* WHAT NEEDS TO BE DONE: Only the lines from the "Чехол для iPhone" line through the last line of the material below belong in the answer, reproduced exactly and with no pictures.

* RECORDS FOR THE EXERCISE:
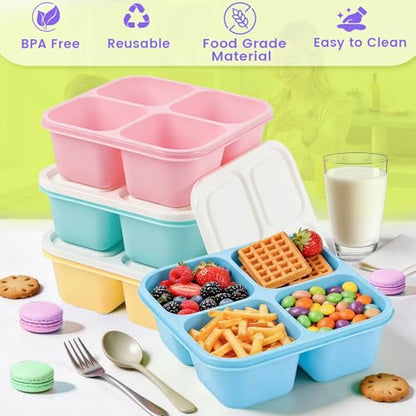 4 Pack Snack Containers Bento Box Adult Lunch Box,Meal Prep Container, Reusable Food Storage lunch Containers Stackable for Work, Travel and Gym (Pink, Blue, Green, Yellow) - color: Pink, Blue, Green, Yellow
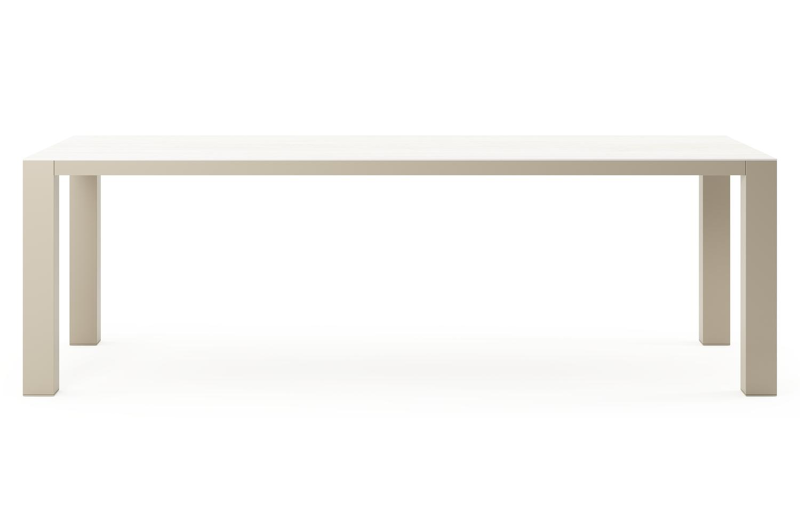 Table de jardin Nano rectangulaire en aluminium beige et céramique pleine Calista Lg. 240 x Lrg. 100 x Haut. 75 cm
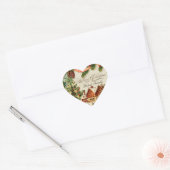 Vintage Kerstmis Sneeuw Schaatsen Gepersonaliseerd Hart Sticker (Envelop)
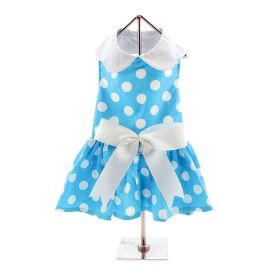 Blue Polka Dot Dog Dress with Matching Leash (Color: Raspberry Sorbet: X-Small)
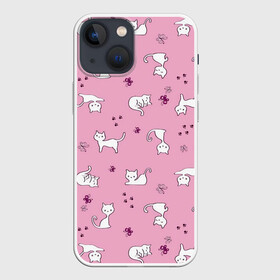 Чехол для iPhone 13 mini с принтом Белая кошка в городе Новоалтайск,  |  | Тематика изображения на принте: белая кошка | кот | кошачьи потягушки | кошка | милая мордочка | милота | розовый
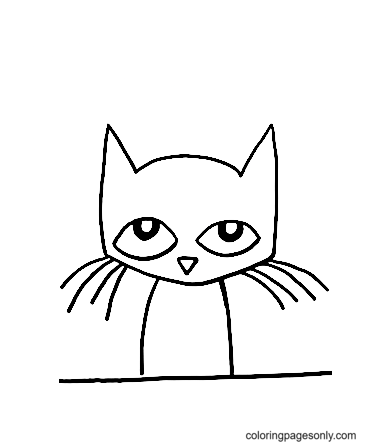 Desenhe Pete, o Gato, Página para Colorir Fácil
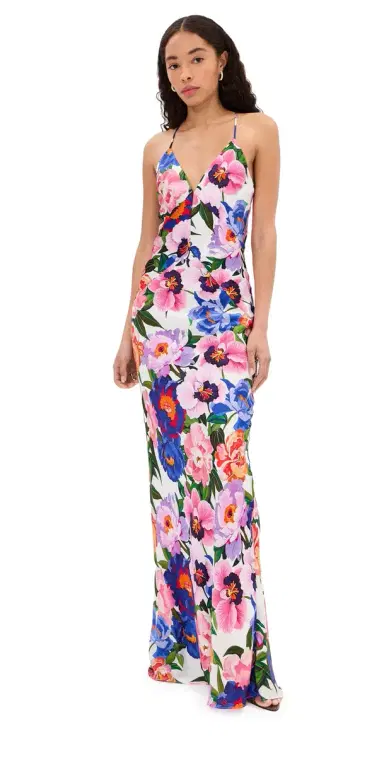 Borgo de Nor Olive Dress Floral Candy | Thumbnail 1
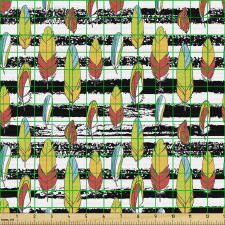 Hayvan Parça Kumaş Yatay Çizgili Zeminde Kuş Tüyü Desenleri 
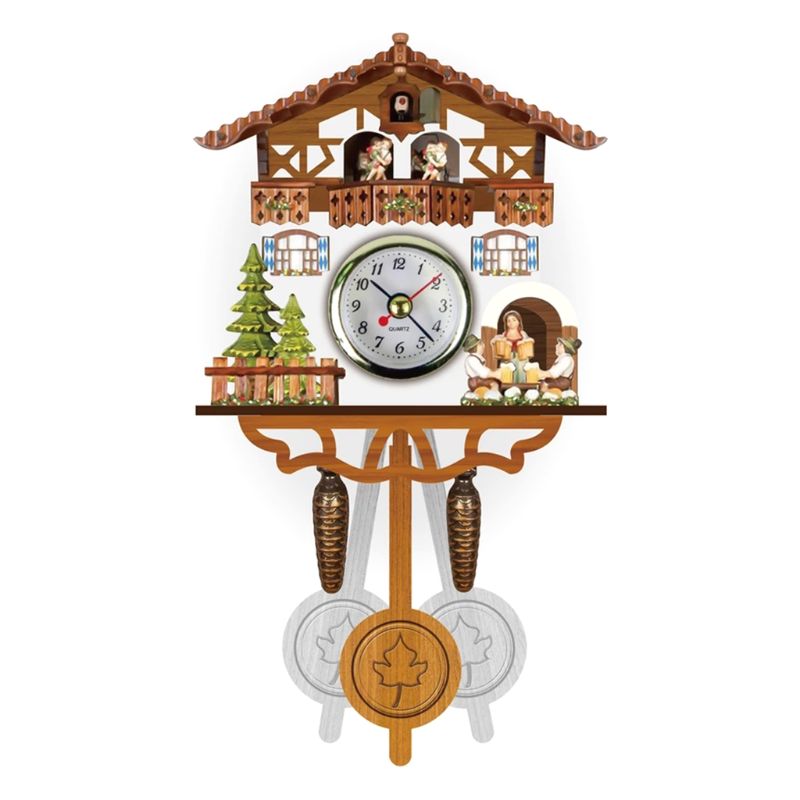 Antique Wooden Cuckoo Wall Clock Bird Time Bell Swing Alarm Watch Home Restaurant Bedroom Decoration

* RESULT:
 Чехол для iPhone 13 mini с принтом Белая кошка в городе Новоалтайск,  |  | Тематика изображения на принте: белая кошка | кот | кошачьи потягушки | кошка | милая мордочка | милота | розовый
 Desenhe Pete, o Gato, Página para Colorir Fácil
 Borgo de Nor Olive Dress Floral Candy | Thumbnail 1
 Hayvan Parça Kumaş Yatay Çizgili Zeminde Kuş Tüyü Desenleri 
 Antique Wooden Cuckoo Wall Clock Bird Time Bell Swing Alarm Watch Home Restaurant Bedroom Decoration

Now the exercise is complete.